I am sold on this in principle. Authors provide an R package to fit these models. However, the group I work with is most interested in using Bayesian statistics for a suite of reasons. As a result, I need to translate this into the JAGS/BUGS language.

Fitting a standard dirichlet is easy enough and I copy data generation and fitting code below using JAGS and the runjags package in R. To do this I first have to add a 1 to all observations (the dirichlet can't handle hard zeros as is) before I normalize by rowSums to get proportions. Any advice on how to zero-inflate this model would be extremely welcome.
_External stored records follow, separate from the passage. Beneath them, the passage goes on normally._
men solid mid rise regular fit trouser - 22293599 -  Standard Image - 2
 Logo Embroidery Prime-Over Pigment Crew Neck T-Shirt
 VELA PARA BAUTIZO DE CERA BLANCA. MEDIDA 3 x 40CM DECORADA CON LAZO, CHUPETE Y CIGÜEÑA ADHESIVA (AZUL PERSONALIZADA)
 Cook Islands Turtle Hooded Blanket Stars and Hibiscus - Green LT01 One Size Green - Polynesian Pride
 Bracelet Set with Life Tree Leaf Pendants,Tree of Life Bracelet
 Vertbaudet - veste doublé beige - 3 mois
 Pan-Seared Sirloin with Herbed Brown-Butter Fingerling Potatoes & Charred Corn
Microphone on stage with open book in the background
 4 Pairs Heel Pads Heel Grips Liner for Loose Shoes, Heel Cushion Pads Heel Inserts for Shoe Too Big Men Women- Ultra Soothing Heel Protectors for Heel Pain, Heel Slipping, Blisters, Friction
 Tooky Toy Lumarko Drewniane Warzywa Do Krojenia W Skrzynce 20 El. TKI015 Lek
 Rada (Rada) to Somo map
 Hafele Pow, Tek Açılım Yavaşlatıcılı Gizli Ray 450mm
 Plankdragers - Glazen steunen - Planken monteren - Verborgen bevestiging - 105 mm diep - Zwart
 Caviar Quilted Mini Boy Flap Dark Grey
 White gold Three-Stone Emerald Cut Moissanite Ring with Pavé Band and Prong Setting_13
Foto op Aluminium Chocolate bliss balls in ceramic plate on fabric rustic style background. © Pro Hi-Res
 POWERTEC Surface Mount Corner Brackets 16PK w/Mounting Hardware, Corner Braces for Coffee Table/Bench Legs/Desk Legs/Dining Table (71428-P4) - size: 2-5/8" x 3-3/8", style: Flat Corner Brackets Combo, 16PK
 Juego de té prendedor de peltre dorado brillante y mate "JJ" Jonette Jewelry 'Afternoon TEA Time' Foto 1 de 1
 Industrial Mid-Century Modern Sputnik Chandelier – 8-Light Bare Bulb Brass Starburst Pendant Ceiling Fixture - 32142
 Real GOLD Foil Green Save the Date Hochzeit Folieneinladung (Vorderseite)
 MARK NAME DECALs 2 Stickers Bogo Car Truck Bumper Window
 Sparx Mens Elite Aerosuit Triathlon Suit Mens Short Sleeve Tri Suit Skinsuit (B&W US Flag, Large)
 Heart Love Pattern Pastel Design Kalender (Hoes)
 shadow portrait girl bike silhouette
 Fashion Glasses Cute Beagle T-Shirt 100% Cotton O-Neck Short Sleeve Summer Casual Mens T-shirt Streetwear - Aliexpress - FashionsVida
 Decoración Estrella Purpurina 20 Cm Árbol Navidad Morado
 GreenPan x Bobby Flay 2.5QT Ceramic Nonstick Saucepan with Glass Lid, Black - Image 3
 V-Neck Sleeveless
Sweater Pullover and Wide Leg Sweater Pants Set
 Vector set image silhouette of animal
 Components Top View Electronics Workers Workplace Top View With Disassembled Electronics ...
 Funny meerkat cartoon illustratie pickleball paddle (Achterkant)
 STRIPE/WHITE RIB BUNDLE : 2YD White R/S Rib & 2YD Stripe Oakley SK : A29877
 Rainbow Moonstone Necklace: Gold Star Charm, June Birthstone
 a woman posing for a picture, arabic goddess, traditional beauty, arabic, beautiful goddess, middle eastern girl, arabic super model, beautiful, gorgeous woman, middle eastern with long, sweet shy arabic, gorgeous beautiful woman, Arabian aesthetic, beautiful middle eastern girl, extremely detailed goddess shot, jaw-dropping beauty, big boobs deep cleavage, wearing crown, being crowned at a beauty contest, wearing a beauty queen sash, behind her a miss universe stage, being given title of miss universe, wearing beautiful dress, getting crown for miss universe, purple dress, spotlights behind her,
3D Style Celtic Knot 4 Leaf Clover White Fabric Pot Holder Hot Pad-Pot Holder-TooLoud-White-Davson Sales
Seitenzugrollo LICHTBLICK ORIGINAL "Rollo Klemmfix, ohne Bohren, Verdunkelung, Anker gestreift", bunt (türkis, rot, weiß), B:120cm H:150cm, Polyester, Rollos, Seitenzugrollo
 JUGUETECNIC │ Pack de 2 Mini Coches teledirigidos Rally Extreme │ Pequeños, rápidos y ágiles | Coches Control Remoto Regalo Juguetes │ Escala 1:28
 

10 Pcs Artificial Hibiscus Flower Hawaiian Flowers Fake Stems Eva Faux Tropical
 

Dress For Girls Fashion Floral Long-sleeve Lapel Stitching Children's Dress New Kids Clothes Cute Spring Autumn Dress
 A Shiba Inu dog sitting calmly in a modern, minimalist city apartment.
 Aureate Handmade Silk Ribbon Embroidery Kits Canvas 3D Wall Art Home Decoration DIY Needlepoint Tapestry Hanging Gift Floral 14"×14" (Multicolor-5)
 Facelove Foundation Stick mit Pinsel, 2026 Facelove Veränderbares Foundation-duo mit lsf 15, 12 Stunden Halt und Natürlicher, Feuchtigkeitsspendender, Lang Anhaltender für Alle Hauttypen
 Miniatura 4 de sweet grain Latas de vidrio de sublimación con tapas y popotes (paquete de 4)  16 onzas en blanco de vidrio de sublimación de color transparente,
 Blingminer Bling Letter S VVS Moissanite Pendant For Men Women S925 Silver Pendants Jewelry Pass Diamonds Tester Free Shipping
#clear environment, load packages.
rm(list=ls())
library(runjags)

#data generation.-----
#3 species abundances
set.seed(1234)
N <- 200
N.spp <- 3
mu <- rnorm(N.spp, 300, sd = 10)

#sequence depth per sample (essentially sampling 'effort').
depth <- 2000

#get a zero inflation probability.
z.p <- runif(N.spp,0.2,0.3)

#Generate matrix of abundances. Round because these need to be counts.
spp.list <- list()
for(i in 1:N){
  spp.list[[i]] <- round(rnorm(N.spp,mu,sd=10) * rbinom(N.spp,1,z.p))
}
spp.dat <- data.frame(do.call(rbind,spp.list))
other <- depth - rowSums(spp.dat)
spp.dat <- data.frame(other, spp.dat)
colnames(spp.dat) <- c('other','spp.1','spp.2','spp.3')

#normalize.
spp.dat <- spp.dat + 1
spp.dat <- spp.dat / rowSums(spp.dat)

#specify JAGS dirichlet model without zero inflation.----
jags.model = "
model {
  alpha ~ dnorm(0, 1.0E-3) 
  mu[1] <- 0
  for (j in 2:N.spp) {
    mu[j] ~ dnorm(0, 1.0E-3)
  }

  #implement dirlichet
  for (i in 1:N){
    for(j in 1:N.spp){
      log(a0[i,j]) <- alpha + mu[j]
    }
    y[i,1:N.spp] ~ ddirch(a0[i,1:N.spp]) 
  }
}
"

#setup jags data object, run model.----
#jags data list.
jd <- list(y=as.matrix(spp.dat), N.spp = ncol(spp.dat), N=N)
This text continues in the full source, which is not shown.